Introduction to Fourier Analysis on Euclidean Spaces. (PMS-32)

This book covers those parts of harmonic analysis that genuinely depend on Euclidean space. The Fourier transform of Borel measures, convolution, the Fourier inversion theorem, and Plancherel's theorem, and the relation to the Gelfand theory of Banach algebras are understood most clearly in the category of locally compact abelian groups. In LCA groups a group and its Pontryagin dual are different objects, unlike in Euclidean space where these are identified. But in Euclidean space, beyond translation like we have for LCA groups, we also have derivatives and dilations and rotations, and can use harmonic functions and the residue theorem from complex analysis.The chapter I like the best is Chapter IV, about rotations and functions on the unit sphere in n-dimensions. This involves radial functions, Bessel functions, homogeneous polynomials. There is a proof of Hecke's identity as Theorem 3.4, which is a formula for the Fourier transform of the product of a homogeneous harmonic polynomial and a Gaussian. I also like Chapter VII, about Fourier series in n variables ("multiple Fourier series").
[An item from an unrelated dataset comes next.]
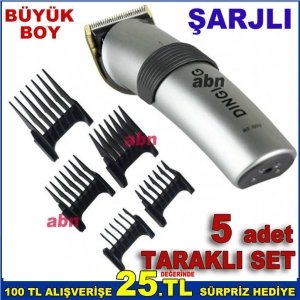 SAÇ SAKAL TIRAŞ MAKİNESİ AYARLANABİLEN PASLANMAZ BIÇAK 5 TARAKLI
This book deals with the extension of real and complex methods in harmonic analysis to the many-dimensional case. So, its pre-requisites are a strong background in real and complex analysis and some acquaintance with elementary harmonic analysis, that is, this book is intended for graduate students and working mathematicians. Maybe some advanced undergraduates could cover certain parts of the material.This book is one component of the Stein trilogy on harmonic analysis (together with "Singular Integrals and Differentiability Properties of Functions" and "Harmonic Analysis", both also reviewed by myself), and as such it must be regarded as an authoritative reference on the subject since Elias Stein and Guido Weiss are two of the leading experts in the field, and the material they selected was taken from their teaching and research experience.The contents of the book are: The Fourier Transform; Boundary Values of Harmonic Functions; The Theory of H^p Spaces on Tubes; Symmetry Properties of the Fourier Transform; Interpolation of Operators; Singular Integrals and Systems of Conjugate Harmonic Functions; Multiple Fourier Series.Includes motivation and full explanations for each topic, excercises for each chapter, called "further results", and extensive references. Outstanding printing quality and nice clothbound.These three volumes should be present in every analyst's library.Please take a look to the rest of my reviews (just click on my name above).

This is a classic, must-have reference for all students and anyone interested in Fourier analysis. I already own one original copy and I bought a second one for a student. As an unexpected bonus, this particular volume had the index to a totally different book included at the beginning. Caveat emptor.